Intanto ora a passare i guai potrebbero essere gli stessi carabinieri. Ieri, infatti, la procura di Roma ha chiuso le indagini sul filone di inchiesta relativo alla foto di Hjorth, che era stato bendato mentre veniva interrogato in una stanza del Reparto Operativo di via in Selci, poco dopo il fermo. A rischiare il processo sono due militari, che entrano nella vicenda ma con ruoli diversi. Il primo è Fabio Manganaro, individuato grazie alle indagini degli stessi carabinieri, coordinati dal procuratore Michele Prestipino e dal collaga Nunzia D'Elia. È accusato di misura di rigore non consentita dalla legge, avendo bendato con una bandana il californiano, che nella foto incriminata appare con le mani legate dietro la schiena. «Aveva iniziato a tentare di dare testate anche contro il muro e contro i computer», avrebbero dichiarato i militari presenti nei concitati minuti successivi all'arresto di Hjorth e dell'amico.
Nel registro degli indagati, poi, era finito un altro militare, Silvio Pellegrini, al quale sempre ieri è stato notificato un avviso di conclusione delle indagini con l'accusa di «divulgazione di notizie segrete o riservate», il reato relativo all'articolo 127 del codice penale militare di pace. È stato lui, per la Procura anche militare, ad aver diffuso l'immagine del ragazzo bendato in attesa dell'interrogatorio «su almeno due chat whatsapp, delle quali una dal titolo Reduci ex Secondigliano». Pellegrini è accusato anche di rivelazione di segreti d'ufficio. In prima battuta si è giustificando dicendo che quella chat era riservata ai colleghi, per «rassicurare tutti» che gli assassini di Cerciello erano stati arrestati e spiegare che l'informazione sulla nazionalità degli aggressori, fornita inizialmente da Varriale, partner di Cerciello, era inesatta perché non si trattava di magrebini.

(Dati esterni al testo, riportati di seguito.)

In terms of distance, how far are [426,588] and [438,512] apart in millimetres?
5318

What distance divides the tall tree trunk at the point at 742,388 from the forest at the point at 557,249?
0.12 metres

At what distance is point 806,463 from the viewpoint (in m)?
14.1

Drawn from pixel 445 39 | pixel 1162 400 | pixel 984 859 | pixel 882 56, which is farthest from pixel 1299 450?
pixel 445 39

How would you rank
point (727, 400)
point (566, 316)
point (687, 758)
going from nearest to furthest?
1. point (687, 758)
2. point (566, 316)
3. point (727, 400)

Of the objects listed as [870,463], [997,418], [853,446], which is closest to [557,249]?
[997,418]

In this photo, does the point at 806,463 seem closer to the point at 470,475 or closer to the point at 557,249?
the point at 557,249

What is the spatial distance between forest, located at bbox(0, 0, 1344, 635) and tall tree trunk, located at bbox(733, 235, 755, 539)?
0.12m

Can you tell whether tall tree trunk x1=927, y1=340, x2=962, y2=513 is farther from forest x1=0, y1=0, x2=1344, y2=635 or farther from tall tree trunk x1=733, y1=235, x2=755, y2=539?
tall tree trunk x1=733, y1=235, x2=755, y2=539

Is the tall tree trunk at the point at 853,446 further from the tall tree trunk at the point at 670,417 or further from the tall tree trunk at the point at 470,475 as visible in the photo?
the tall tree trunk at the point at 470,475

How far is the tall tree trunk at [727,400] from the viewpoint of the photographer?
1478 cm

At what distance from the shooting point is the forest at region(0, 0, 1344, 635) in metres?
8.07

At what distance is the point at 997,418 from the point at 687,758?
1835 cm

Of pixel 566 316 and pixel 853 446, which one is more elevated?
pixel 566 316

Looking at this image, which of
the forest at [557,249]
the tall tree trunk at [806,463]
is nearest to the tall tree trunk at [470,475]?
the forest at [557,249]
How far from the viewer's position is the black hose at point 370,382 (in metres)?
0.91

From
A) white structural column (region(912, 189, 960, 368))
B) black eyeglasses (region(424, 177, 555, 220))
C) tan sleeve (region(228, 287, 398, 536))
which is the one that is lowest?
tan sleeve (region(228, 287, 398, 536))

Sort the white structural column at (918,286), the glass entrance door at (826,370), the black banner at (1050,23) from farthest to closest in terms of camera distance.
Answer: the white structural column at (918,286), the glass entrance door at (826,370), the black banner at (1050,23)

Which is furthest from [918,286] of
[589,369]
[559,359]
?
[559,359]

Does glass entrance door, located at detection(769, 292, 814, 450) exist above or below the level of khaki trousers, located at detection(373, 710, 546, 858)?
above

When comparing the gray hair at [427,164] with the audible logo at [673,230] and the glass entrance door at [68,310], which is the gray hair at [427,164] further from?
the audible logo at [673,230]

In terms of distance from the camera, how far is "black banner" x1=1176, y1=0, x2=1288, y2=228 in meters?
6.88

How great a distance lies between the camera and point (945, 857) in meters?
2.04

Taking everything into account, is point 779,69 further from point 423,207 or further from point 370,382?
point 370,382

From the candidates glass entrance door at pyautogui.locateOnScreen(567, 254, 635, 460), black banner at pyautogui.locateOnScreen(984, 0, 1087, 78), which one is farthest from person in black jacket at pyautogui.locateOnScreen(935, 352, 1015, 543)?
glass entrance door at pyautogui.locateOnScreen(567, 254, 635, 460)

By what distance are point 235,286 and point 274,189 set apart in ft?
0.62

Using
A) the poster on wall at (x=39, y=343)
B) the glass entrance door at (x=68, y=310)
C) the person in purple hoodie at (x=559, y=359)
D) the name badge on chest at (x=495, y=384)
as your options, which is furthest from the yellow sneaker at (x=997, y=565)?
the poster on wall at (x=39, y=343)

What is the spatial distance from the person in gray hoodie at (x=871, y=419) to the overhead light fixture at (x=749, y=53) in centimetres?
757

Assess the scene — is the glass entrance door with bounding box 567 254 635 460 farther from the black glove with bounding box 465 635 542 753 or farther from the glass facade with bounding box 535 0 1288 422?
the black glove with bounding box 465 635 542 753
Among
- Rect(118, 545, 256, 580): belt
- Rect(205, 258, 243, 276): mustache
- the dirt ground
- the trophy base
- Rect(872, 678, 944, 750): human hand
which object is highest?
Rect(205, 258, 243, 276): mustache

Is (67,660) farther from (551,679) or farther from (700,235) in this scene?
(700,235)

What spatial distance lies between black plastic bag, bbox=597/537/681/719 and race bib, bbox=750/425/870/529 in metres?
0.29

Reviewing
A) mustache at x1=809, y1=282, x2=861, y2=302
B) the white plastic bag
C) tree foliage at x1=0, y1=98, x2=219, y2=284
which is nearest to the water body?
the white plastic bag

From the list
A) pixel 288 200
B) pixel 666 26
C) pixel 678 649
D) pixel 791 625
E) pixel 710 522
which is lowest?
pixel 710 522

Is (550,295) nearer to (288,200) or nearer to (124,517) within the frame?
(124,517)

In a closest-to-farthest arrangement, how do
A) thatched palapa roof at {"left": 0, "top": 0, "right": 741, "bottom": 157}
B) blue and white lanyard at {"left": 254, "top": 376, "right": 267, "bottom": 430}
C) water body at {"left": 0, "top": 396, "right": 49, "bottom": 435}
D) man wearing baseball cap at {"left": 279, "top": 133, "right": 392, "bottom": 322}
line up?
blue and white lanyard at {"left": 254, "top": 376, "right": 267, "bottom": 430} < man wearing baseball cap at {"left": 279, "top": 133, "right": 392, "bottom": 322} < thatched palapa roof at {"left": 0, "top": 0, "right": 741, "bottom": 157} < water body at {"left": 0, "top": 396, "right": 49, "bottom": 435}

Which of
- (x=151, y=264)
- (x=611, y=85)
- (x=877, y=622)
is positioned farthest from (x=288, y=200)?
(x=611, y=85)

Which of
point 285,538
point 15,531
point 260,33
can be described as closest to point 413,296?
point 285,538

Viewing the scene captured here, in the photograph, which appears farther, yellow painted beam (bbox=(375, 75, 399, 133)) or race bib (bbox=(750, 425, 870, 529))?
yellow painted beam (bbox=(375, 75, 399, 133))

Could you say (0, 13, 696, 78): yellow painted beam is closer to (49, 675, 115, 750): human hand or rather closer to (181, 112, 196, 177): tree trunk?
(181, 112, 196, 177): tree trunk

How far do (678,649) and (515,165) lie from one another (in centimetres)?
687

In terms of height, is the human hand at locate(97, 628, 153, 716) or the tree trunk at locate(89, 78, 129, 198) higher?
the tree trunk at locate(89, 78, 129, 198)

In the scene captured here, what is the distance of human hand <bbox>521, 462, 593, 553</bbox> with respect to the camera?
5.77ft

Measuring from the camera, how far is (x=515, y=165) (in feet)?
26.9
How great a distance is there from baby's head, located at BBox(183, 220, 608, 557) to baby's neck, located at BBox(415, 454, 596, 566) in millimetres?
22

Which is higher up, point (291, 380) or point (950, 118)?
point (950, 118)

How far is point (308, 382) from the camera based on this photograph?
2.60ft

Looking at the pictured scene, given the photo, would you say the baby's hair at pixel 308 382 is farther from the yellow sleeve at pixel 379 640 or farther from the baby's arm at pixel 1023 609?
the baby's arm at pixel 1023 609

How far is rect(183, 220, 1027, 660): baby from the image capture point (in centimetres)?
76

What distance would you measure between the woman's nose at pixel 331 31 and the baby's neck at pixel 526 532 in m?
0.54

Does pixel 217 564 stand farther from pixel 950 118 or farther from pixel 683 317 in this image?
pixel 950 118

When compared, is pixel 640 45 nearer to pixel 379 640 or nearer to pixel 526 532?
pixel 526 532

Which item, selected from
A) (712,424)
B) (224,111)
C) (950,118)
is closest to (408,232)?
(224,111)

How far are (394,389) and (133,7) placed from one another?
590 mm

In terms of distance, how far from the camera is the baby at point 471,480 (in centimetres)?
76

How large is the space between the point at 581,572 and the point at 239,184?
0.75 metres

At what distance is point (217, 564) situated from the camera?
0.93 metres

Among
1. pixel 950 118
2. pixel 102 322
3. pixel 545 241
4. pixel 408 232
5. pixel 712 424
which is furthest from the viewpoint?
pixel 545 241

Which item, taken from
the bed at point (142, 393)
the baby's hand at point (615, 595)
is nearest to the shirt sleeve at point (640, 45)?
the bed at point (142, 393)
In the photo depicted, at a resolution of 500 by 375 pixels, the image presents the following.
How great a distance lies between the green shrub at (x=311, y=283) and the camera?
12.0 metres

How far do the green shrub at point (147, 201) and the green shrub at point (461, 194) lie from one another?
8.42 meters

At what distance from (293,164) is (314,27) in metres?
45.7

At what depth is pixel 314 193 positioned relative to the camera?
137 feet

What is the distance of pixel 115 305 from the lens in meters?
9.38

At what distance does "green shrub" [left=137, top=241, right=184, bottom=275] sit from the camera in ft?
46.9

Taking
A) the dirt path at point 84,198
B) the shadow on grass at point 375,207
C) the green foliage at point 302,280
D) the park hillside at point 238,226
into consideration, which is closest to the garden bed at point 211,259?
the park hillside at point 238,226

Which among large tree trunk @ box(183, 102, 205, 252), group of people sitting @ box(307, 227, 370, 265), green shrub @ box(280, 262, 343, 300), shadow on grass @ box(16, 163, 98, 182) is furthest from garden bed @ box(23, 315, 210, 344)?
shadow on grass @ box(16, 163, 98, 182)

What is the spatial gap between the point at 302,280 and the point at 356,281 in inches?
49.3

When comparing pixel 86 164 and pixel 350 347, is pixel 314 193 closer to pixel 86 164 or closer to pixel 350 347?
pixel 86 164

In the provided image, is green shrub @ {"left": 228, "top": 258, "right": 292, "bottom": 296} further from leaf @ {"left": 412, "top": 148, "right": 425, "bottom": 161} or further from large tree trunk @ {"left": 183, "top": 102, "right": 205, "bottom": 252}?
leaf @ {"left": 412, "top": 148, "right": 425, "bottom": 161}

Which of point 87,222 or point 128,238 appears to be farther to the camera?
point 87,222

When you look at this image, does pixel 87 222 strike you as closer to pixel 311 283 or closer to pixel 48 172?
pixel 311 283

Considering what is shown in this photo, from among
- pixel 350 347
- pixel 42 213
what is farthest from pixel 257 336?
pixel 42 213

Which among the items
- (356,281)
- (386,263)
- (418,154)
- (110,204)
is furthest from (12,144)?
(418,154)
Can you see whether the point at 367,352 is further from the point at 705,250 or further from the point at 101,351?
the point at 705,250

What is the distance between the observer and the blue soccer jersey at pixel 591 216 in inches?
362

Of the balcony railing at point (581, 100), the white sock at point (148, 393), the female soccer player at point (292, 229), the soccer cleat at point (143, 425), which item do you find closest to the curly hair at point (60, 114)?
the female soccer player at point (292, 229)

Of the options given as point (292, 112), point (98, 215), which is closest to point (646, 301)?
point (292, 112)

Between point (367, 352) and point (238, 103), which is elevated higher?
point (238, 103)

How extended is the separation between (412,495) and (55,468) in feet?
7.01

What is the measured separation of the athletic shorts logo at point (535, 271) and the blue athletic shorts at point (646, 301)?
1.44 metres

Rischia il processo infine l'ex comandante della stazione dei carabinieri di piazza Farnese, Sandro Ottaviani, che la notte dell'omicidio affermò di aver ricevuto la
pistola d'ordinanza da Varriale, al pronto soccorso dell'ospedale Santo Spirito. A lui i pm contestano il reato di falso. È stato accertato infatti che lui e Cerciello Rega erano disarmati quando sono entrati in azione.